In applying the findings in this study, it appears that prosthesis design may be tailored to patient goals. Prostheses that emphasize posterior glottis medialization could be used in patients with good respiratory reserve. The surgeon can feel confident that additional prosthesis size and force of medialization can be translated into effective medialization of the membranous vocal fold. When intraoperative monitoring fails to show the desired result, additional medialization might be achieved through judicious anterior and midmembranous displacement. Arytenoid adduction remains an option when all of these measures prove ineffective and especially if the plane of correction is not matched to the opposite vocal fold. Prostheses emphasizing middle and anterior medialization could be chosen for patients who cannot tolerate any airway compromise. Effective displacement should be possible using only gentle force and small displacement prostheses. With care to avoid irregularities such an approach should prove particularly useful for patients with significant bilateral pathology or poor respiratory reserve.

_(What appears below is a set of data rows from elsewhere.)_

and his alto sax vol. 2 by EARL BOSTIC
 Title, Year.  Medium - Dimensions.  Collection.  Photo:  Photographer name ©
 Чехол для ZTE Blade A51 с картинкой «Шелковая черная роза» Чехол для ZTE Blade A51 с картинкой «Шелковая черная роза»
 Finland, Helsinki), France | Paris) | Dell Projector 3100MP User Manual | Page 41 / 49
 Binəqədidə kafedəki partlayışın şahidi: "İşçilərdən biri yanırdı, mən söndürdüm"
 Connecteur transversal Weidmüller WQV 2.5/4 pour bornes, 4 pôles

A final important point is that many of the larynges did not display the final pattern seen in the averaged results as evident by the large standard deviations in the data. This reaffirms the importance of intraoperative voice assessment performed by many surgeons.17
Under ideal circumstance this should guide how the particular patient will respond to different probe placements. When intraoperative testing is not possible due to bleeding or edema18
or in the occasional patient done under general anesthesia, the data presented in this study give surgeons a general idea of what they can expect with different medialization positions.